The web is filled with reams of pages detailing how Android's slow updates and fragmented ecosystem are trouble for users, developers, and vendors. We've written on the topic ourselves in the past. Google has a new project in the works to improve the situation, though. Meet Project Treble.
Typical lifecycle of an Android release
Currently, Android software updates need to go through three major roadblocks: chipset makers must create new drivers and software packages, device manufacturers must use those drivers in their software packages, and carriers must then add their customizations and release the update (save for carrier-unlocked devices). Project Treble wants to help sort out at least one of those problems.
At its core, Project Treble seeks to place a standardized interface between device-specific low-level software (like the kernel and drivers) and the Android OS framework.

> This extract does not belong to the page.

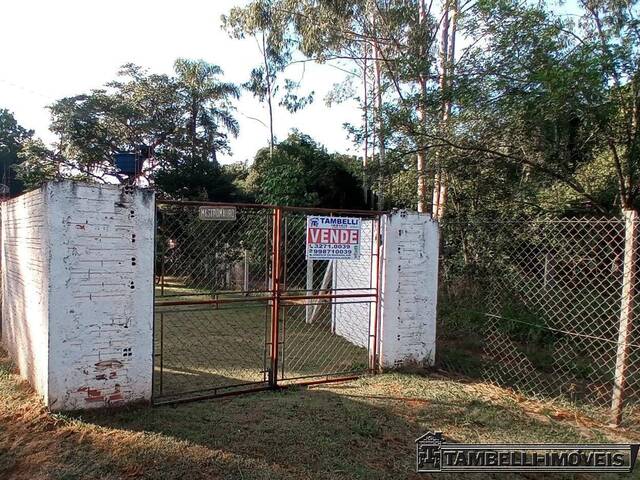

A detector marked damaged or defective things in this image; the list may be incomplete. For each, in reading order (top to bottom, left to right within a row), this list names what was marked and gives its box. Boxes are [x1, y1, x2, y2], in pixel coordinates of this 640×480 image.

rusty gate frame [154, 199, 384, 404]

Google says that Treble will try and create a division between the Android framework and device vendors' software, in much the same way that Android itself is split between system software and third-party apps.

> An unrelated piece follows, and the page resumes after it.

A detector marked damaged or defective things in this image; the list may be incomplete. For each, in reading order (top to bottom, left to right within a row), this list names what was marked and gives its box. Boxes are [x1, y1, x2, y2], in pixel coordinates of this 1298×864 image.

What this might mean to end users is that updating the Android operating system won't depend on chipset vendors to issue new device-specific software. Instead, Google can ship a new Android version, and device manufacturers can start working on an update right away and send it—salted to taste—to the carriers.
Another potential upshot with Treble is that older devices can be supported for longer. Google says it's working with chipset makers to ensure that the new standardized vendor implementation will continue to be compatible with future Android versions. As an example, Qualcomm typically stops providing new chipset device drivers after two years, leaving OEMs out in the cold. Under the new model, a phone could continue to get system updates long after Qualcomm discontinues its chipset.
Although Project Treble looks like it'll have a positive impact on the Android update situation, it's not all roses. Device manufacturers still need to care about issuing the updates, and it's still up to the carriers to push them out. Furthermore, Project Treble is only going to be available for devices that ship with the upcoming Android O. Seeing as many devices on sale now are still stuck with Android 6.0 (Marshmallow), the road ahead looks to be steep.